Research Group: Prevention, Integrative Medicine and Health Promotion in Pediatrics, Department of Pediatrics, Division of Oncology and Hematology, Charité Universitätsmedizin Berlin, Berlin, Germany.
The Dartmouth Institute for Health Policy and Clinical Practice, Dartmouth Cancer Center, Dartmouth College, Hanover and Lebanon, New Hampshire, USA.
BMJ Open. 2023 Nov 19;13(11):e073138. doi: 10.1136/bmjopen-2023-073138.
Little research exists on how risk scores are used in counselling.
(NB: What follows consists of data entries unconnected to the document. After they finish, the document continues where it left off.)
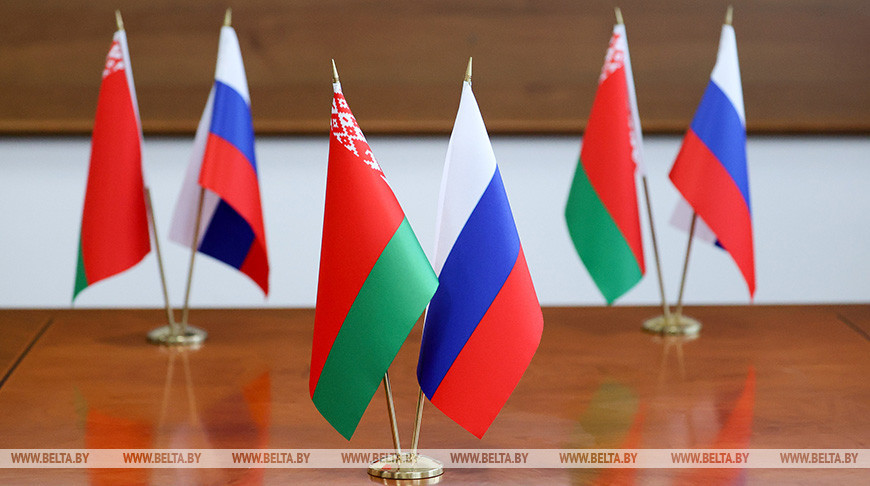 Лукашенко в Санкт-Петербурге встретился с губернатором Бегловым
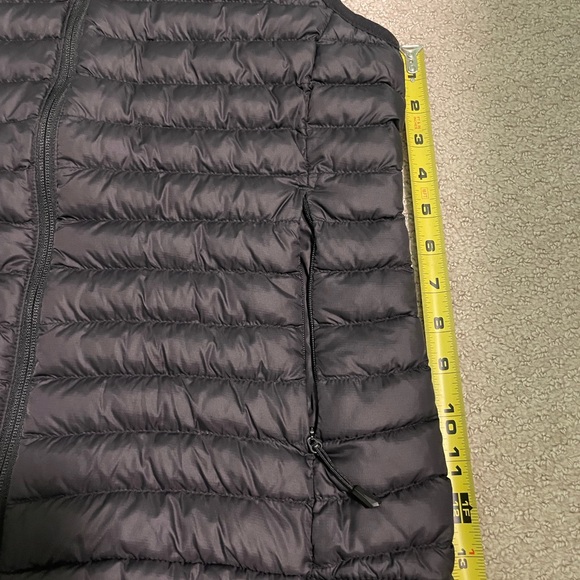 Helly Hansen Men’s medium black vest - Picture 6 of 6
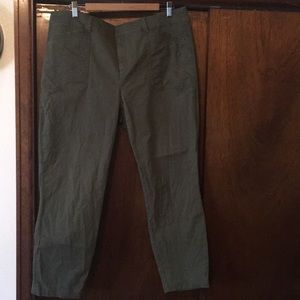 Old navy pixie cut khaki pants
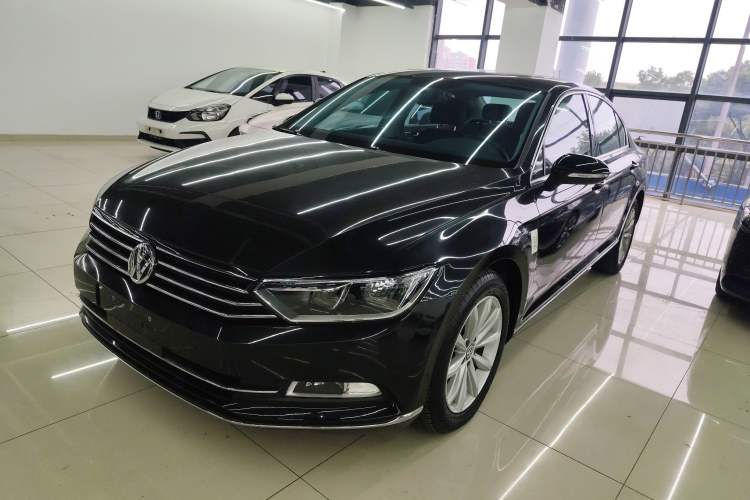 Used Volkswagen Magotan 2019 280TSI DSG Leading Model China VI Standard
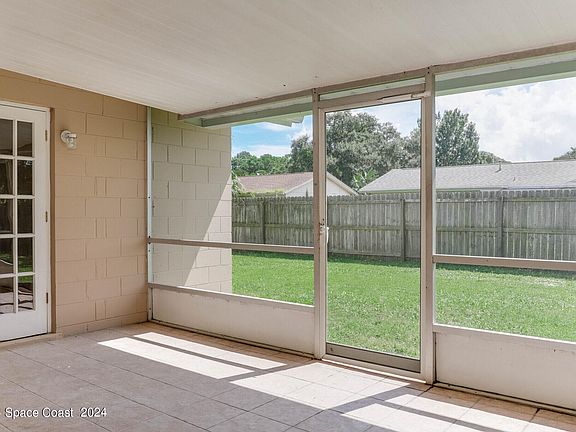 5th image of 2877 Corbusier Dr
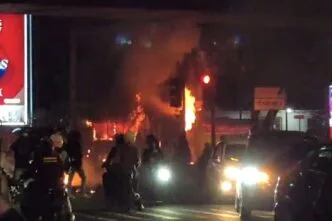 Massa tak dikenal di mayday bandung bakar videotron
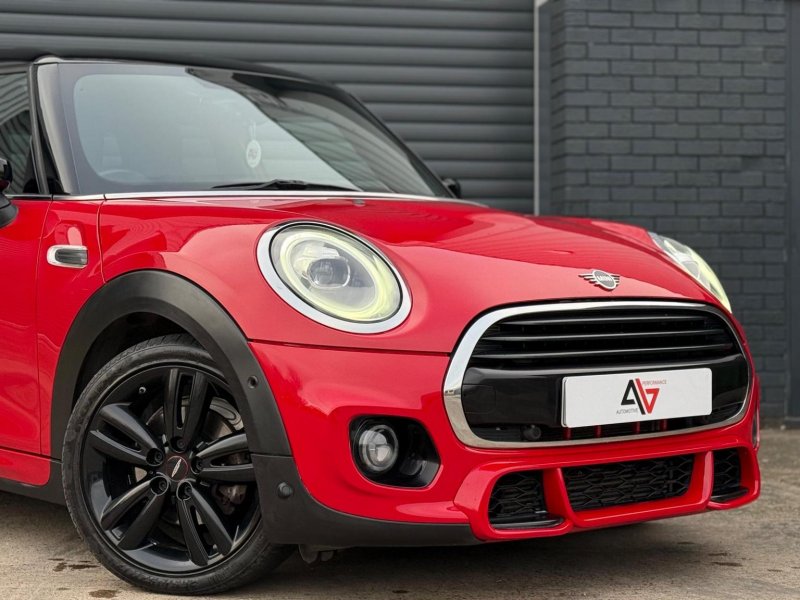 MINI HATCH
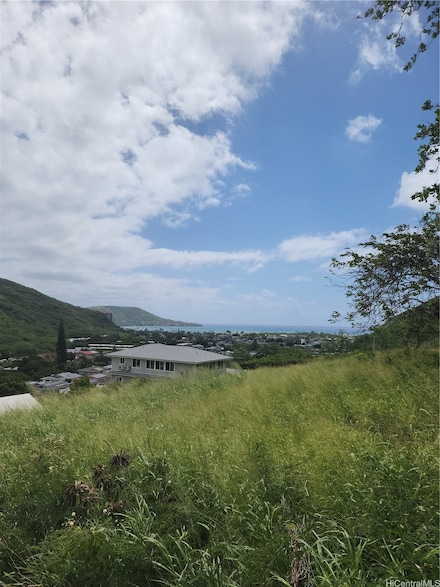638 Papahehi Place, Honolulu, HI 96821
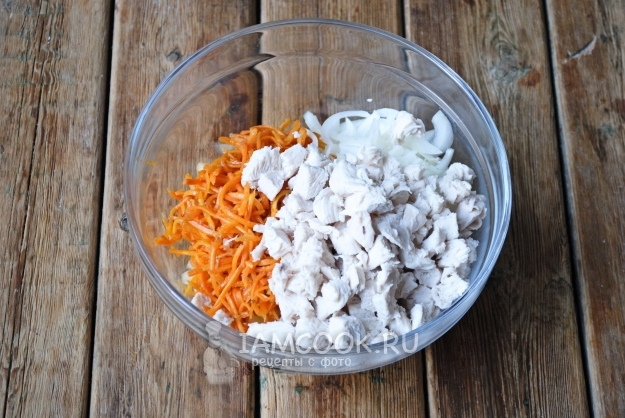 Положить куриное филе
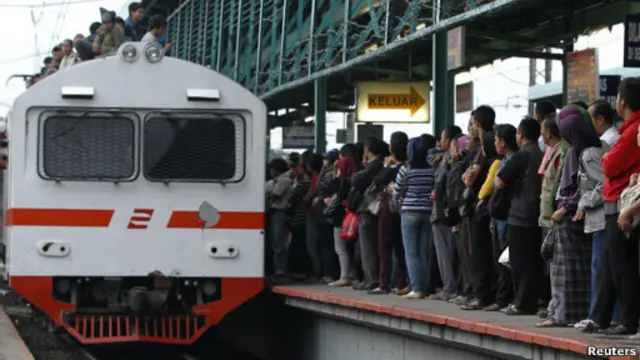 Penundaan penghapusan operasi KRL ekonomi disambut gembira penggunanya.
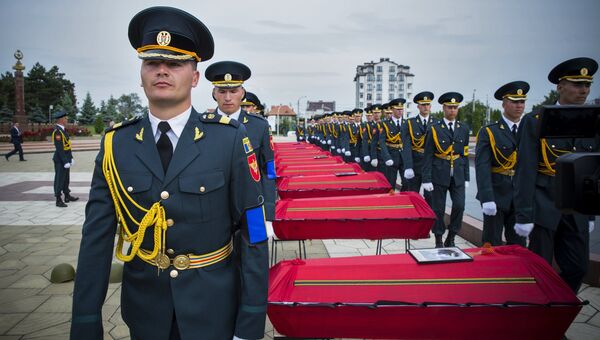 Во время торжественной церемонии перезахоронения останков 62 красноармейцев на мемориале воинской славы Вечность в Кишиневе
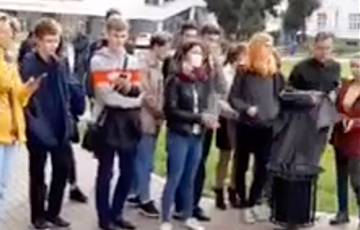 BSU Students Singing ‘Bring Down Prison Walls’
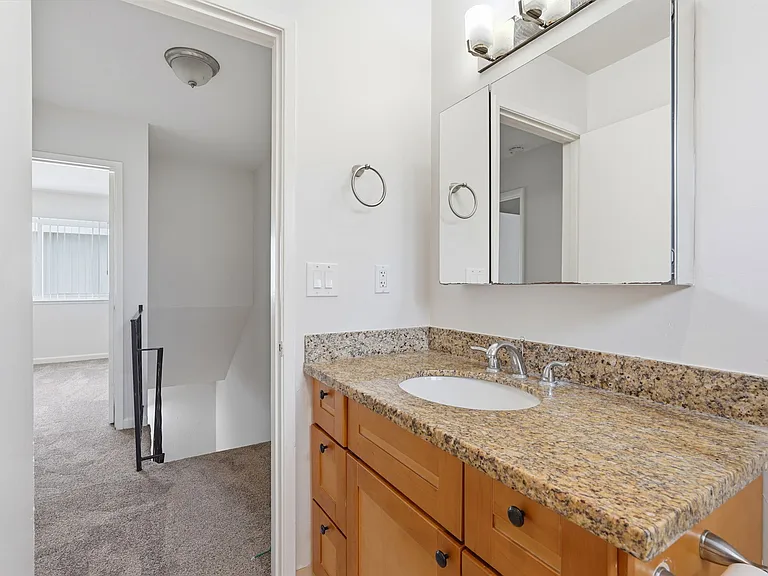 Poplar Plaza Apartments — Photo 17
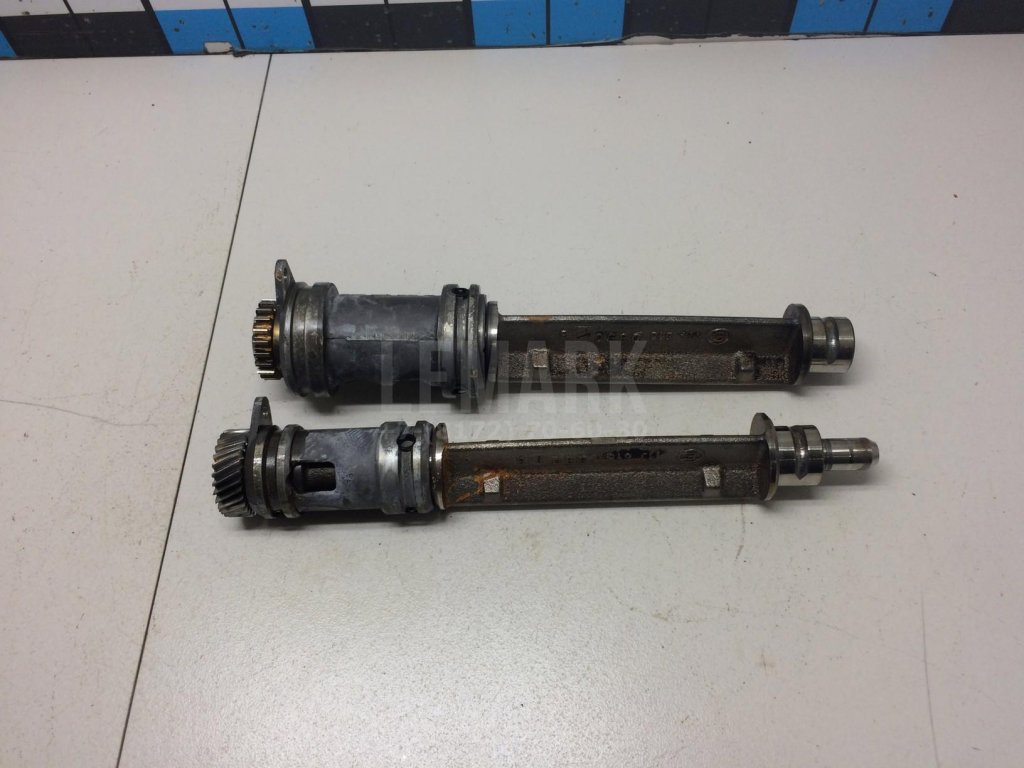 Вал балансирный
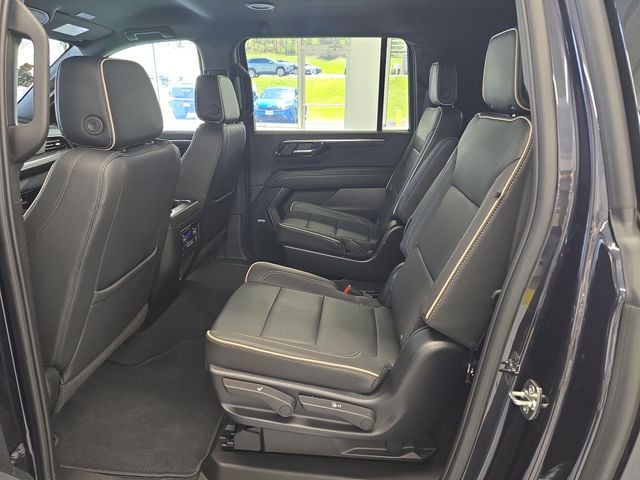 Pre-Owned 2025 Chevrolet Suburban Premier - photo - 9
We examined (a) how Breast Cancer Risk Assessment Tool (BCRAT) scores are presented during counselling; (b) how women react and (c) discuss them afterwards.
Consultations were video-recorded and participants were interviewed after the consultation as part of the NRG Oncology/National Surgical Adjuvant Breast and Bowel Project Decision-Making Project 1 (NSABP DMP-1).
Two NSABP DMP-1 breast cancer care centres in the USA: one large comprehensive cancer centre serving a high-risk population and an academic safety-net medical centre in an urban setting.
Thirty women evaluated for breast cancer risk and their counselling providers were included.
Participants who were identified as at increased risk of breast cancer were recruited to participate in qualitative study with a video-recorded consultation and subsequent semi-structured interview that included giving feedback and input after viewing their own consultation. Consultation videos were summarised jointly and inductively as a team.tThe interview material was searched deductively for text segments that contained the inductively derived themes related to risk assessment. Subgroup analysis according to demographic variables such as age and Gail score were conducted, investigating reactions to risk scores and contrasting and comparing them with the pertinent video analysis data. From this, four descriptive categories of reactions to risk scores emerged. The descriptive categories were clearly defined after 19 interviews; all 30 interviews fit principally into one of the four descriptive categories.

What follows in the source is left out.